Directions for this task
The answer must be a single number: how many lines in the entries hold the string "Market".

Records for processing
□ □ □ □ □ □ □

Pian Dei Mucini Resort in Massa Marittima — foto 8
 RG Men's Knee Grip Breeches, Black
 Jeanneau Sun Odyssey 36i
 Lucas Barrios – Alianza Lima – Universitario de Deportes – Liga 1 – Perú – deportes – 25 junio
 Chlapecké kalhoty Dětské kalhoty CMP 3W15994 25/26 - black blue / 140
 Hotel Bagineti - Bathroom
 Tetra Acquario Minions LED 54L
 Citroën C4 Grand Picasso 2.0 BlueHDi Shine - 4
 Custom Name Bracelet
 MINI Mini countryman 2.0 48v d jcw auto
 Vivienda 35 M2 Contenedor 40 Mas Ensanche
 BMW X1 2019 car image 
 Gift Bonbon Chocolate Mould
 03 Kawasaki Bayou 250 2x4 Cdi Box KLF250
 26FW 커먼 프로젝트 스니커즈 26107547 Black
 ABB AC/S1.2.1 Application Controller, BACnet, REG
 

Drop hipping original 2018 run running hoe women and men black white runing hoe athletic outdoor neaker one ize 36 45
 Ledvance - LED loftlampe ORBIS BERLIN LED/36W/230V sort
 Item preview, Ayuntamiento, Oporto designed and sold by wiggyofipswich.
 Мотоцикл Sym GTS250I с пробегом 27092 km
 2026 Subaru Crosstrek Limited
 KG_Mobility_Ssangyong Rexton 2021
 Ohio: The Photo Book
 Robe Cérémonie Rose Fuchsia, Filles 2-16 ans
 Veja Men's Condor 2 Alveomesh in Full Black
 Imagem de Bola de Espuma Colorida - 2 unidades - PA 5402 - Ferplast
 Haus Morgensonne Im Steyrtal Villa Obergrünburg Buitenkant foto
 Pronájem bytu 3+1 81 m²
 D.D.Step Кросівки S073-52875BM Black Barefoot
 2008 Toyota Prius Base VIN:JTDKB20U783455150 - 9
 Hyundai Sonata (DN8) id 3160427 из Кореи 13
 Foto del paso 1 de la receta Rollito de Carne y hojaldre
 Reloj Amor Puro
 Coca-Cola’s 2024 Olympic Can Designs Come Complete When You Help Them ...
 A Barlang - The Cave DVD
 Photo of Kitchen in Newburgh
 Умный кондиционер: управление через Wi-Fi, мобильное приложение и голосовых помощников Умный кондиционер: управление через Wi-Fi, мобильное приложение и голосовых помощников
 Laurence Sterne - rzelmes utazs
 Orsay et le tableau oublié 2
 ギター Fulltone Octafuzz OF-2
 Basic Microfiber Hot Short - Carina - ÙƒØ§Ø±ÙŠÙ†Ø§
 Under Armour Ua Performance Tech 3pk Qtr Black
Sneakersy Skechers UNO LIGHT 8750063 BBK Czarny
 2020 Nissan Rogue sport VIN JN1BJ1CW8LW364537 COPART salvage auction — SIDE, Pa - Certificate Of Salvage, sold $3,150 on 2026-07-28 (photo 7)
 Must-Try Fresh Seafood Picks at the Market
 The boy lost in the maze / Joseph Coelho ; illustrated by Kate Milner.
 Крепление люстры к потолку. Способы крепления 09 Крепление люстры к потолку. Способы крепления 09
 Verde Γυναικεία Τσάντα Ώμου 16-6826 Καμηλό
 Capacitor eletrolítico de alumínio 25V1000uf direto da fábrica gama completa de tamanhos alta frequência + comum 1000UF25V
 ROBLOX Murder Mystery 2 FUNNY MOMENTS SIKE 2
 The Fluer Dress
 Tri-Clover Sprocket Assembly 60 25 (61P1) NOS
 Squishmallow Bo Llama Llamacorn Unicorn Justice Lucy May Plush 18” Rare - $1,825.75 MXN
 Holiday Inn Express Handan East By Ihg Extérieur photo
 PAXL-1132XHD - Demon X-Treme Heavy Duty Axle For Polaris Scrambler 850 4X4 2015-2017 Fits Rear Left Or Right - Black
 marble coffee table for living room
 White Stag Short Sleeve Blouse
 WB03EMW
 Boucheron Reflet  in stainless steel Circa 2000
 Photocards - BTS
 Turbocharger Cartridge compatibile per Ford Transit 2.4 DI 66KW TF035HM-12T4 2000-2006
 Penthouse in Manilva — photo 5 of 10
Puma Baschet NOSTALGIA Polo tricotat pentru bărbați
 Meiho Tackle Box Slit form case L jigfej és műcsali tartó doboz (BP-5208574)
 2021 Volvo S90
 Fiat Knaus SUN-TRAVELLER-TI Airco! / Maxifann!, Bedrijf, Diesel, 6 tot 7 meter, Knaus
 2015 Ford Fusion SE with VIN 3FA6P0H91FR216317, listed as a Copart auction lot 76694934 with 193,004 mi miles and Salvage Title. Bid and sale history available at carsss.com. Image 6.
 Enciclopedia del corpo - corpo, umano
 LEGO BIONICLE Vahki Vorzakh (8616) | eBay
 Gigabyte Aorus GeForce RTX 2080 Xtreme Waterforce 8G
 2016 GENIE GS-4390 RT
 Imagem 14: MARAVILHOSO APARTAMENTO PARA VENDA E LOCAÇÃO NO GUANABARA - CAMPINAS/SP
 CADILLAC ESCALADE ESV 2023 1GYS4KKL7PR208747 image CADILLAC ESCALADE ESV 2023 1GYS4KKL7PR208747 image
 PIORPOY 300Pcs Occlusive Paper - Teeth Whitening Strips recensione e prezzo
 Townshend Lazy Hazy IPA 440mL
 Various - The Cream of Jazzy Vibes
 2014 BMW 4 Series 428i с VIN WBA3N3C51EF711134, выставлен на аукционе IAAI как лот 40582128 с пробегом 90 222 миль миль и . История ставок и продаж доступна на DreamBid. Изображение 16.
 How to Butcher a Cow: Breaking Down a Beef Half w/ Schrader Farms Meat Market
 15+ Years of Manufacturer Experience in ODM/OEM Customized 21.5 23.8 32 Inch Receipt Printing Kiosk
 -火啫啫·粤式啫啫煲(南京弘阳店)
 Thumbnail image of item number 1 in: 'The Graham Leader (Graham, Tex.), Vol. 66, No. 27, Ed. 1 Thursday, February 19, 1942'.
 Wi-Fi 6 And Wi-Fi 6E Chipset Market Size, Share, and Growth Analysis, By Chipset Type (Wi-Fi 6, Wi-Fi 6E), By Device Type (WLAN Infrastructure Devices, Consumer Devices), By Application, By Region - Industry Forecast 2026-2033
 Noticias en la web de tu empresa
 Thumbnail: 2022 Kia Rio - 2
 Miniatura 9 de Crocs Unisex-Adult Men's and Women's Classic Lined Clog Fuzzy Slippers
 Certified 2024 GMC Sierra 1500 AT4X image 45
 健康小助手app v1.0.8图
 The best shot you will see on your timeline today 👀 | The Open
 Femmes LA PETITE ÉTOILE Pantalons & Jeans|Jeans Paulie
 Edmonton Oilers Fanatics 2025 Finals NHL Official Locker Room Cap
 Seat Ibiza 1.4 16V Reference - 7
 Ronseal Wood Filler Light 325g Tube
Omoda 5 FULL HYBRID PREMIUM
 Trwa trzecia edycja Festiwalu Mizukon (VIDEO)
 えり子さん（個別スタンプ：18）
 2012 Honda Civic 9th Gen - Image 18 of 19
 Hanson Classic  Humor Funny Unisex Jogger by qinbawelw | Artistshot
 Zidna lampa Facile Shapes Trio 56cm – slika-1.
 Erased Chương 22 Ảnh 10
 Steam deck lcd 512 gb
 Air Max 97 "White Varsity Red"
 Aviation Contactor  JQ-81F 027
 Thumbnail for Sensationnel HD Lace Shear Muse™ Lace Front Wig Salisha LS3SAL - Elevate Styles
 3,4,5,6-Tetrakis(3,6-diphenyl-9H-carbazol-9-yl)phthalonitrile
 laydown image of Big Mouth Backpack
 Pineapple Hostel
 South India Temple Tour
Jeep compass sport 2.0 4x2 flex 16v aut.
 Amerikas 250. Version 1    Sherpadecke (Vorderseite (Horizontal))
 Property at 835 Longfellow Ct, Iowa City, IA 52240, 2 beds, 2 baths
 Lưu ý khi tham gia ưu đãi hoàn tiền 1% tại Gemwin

□ □ □ □ □ □ □

Exercise solution
3